2024年9月、グラングリーン大阪内に開園する「うめきた公園」。JR大阪駅に隣接する巨大な都市公園で、地域住民だけでなく国内外のさまざまな人が憩い、交流する場として期待が高まっています。

 

また、公園内には「未来のあそび場」を掲げる体験型共創拠点「PLAT UMEKITA」もオープン。「INFO(情報発信ゾーン)」「GALLERY(多目的ゾーン)」「IDEA LAB.(自主企画ゾーン)」の3つからなり、うめきた公園・グラングリーン大阪の情報発信のほか、エシカルとエンターテインメントをかけ合わせた「エシカルテインメント」をテーマに、イベント開催も予定しています。

 

PLAT UMEKITAは、公園の可能性をいかに広げ、地域や社会にどんな価値をもたらすのでしょうか? 事業のコアメンバーである、三菱地所・内田健弥(うちだ・けんや)と、TOPPAN・折尾大輔(おりお・だいすけ)と松居秀和(まつい・ひでかず)の3名に話を聞きました。

取材・執筆
榎並紀行(やじろべえ)
撮影
上村窓
編集
服部桃子(CINRA, Inc.)

公園は、人生の思い出が集まる場所

――現在、JR大阪駅に直結する場所に新しい都市公園「うめきた公園」が整備されています。はじめに、みなさんの「公園にまつわる思い出」を聞かせてください。

内田

子ども時代の公園といえば「みんなが集まる場所」。小学生の頃は放課後になると近所の公園にとりあえず集合して、キックベースや鬼ごっこ、カードゲームで日が暮れるまで遊んでいました。あと、ノストラダムスの大予言で1999年に人類が滅亡するという都市伝説が広まった際は、サッカー教室の後に友達と公園に集まり、避難用の防空壕を掘ったのを覚えています(笑)。

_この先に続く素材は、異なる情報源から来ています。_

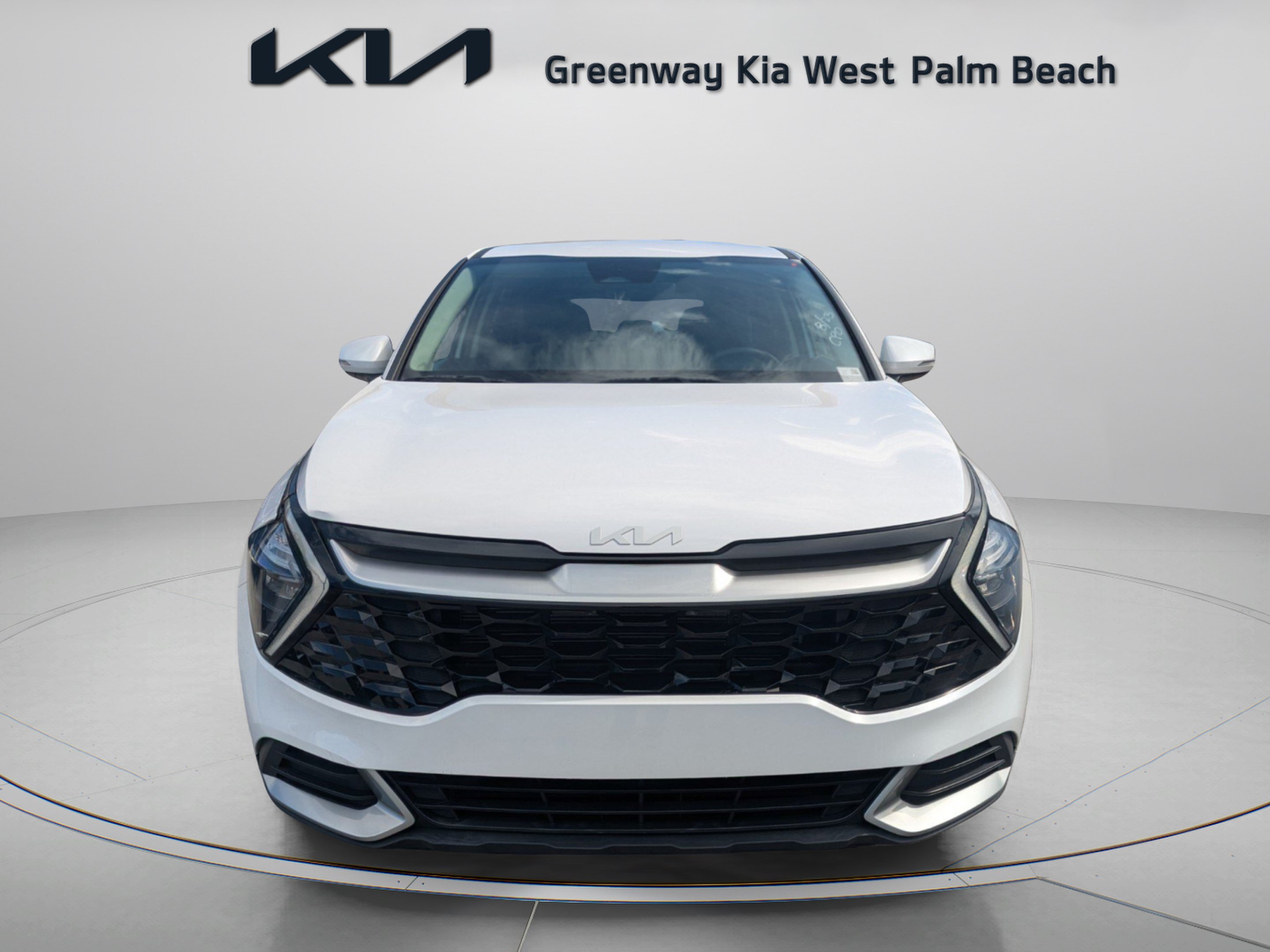 Certified 2023 Kia Sportage EX FWD image 2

内田健弥(うちだ・けんや)。三菱地所株式会社 関西支店 グラングリーン大阪室 主事。うめきた2期地区開発事業「グラングリーン大阪」のエリアマネジメント・ブランディングおよび本施設含めた各種企画を担当
内田健弥(うちだ・けんや)。三菱地所株式会社 関西支店 グラングリーン大阪室 主事。うめきた2期地区開発事業「グラングリーン大阪」のエリアマネジメント・ブランディングおよび本施設含めた各種企画を担当

折尾

僕も学校終わりはほぼ公園にいました。僕らの世代はゲームボーイ。別に公園に来る必要はないんだけど、なんとなく集まってやっていましたね。

折尾大輔(おりお・だいすけ)。TOPPAN株式会社 情報コミュニケーション事業本部 ビジネストランスフォーメーションセンター エクスペリエンスデザイン本部に所属PLAT UMEKITAのクリエイティブ・ディレクターを担当
折尾大輔(おりお・だいすけ)。TOPPAN株式会社 情報コミュニケーション事業本部 ビジネストランスフォーメーションセンター エクスペリエンスデザイン本部に所属PLAT UMEKITAのクリエイティブ・ディレクターを担当

松居

30代半ばの内田さんは、昭和世代の僕や折尾よりかなり若いですが、それでも友達と集まる場所といえば公園だったんですね。僕自身も、遊ぶ場所の一番手は公園。単なる遊び場ではなく、そこにはコミュニティがあって、派閥が生まれたりもして、最初に社会を学ぶ場所だった気がしますね。

松居秀和(まつい・ひでかず)。TOPPAN株式会社 情報コミュニケーション事業本部 ビジネストランスフォーメーションセンター エクスペリエンスデザイン本部に所属。PLAT UMEKITAの事業計画、プロジェクトマネジメントを担当
松居秀和(まつい・ひでかず)。TOPPAN株式会社 情報コミュニケーション事業本部 ビジネストランスフォーメーションセンター エクスペリエンスデザイン本部に所属。PLAT UMEKITAの事業計画、プロジェクトマネジメントを担当

折尾

あったな〜派閥争い。自分たちが遊んでいるときに違うグループがやってくると、一気に緊張感が走る。そこでナワバリ争いが起こったり(笑)。まさに公園は「小さな社会」で、色んなことを学びましたよね。そんなことも含めて、公園には色んな思い出があります。

内田

そう、公園って思い出が蓄積する場所なんですよね。僕にとっては小学生の頃だけじゃなく、人生におけるさまざまシーンのなかに公園の風景があります。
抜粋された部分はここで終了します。